# What is required
Each entry in the material below should be reproduced exactly.

# Supplied information
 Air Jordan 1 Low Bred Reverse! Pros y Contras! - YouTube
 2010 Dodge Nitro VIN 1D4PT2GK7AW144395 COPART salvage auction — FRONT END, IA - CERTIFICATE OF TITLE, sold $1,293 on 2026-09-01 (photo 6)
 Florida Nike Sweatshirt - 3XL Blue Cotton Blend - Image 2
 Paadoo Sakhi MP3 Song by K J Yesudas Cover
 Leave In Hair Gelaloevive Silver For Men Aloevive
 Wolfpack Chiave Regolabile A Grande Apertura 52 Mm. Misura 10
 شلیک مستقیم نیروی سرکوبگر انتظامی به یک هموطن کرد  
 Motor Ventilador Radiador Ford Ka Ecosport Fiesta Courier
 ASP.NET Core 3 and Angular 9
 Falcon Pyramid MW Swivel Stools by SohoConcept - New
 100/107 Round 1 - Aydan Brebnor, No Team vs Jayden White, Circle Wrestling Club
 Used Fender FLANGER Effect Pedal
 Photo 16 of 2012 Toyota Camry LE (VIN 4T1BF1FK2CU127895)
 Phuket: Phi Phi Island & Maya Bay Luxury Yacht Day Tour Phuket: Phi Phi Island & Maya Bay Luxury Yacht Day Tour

# Finished task
 Air Jordan 1 Low Bred Reverse! Pros y Contras! - YouTube
 2010 Dodge Nitro VIN 1D4PT2GK7AW144395 COPART salvage auction — FRONT END, IA - CERTIFICATE OF TITLE, sold $1,293 on 2026-09-01 (photo 6)
 Florida Nike Sweatshirt - 3XL Blue Cotton Blend - Image 2
 Paadoo Sakhi MP3 Song by K J Yesudas Cover
 Leave In Hair Gelaloevive Silver For Men Aloevive
 Wolfpack Chiave Regolabile A Grande Apertura 52 Mm. Misura 10
 شلیک مستقیم نیروی سرکوبگر انتظامی به یک هموطن کرد  
 Motor Ventilador Radiador Ford Ka Ecosport Fiesta Courier
 ASP.NET Core 3 and Angular 9
 Falcon Pyramid MW Swivel Stools by SohoConcept - New
 100/107 Round 1 - Aydan Brebnor, No Team vs Jayden White, Circle Wrestling Club
 Used Fender FLANGER Effect Pedal
 Photo 16 of 2012 Toyota Camry LE (VIN 4T1BF1FK2CU127895)
 Phuket: Phi Phi Island & Maya Bay Luxury Yacht Day Tour Phuket: Phi Phi Island & Maya Bay Luxury Yacht Day Tour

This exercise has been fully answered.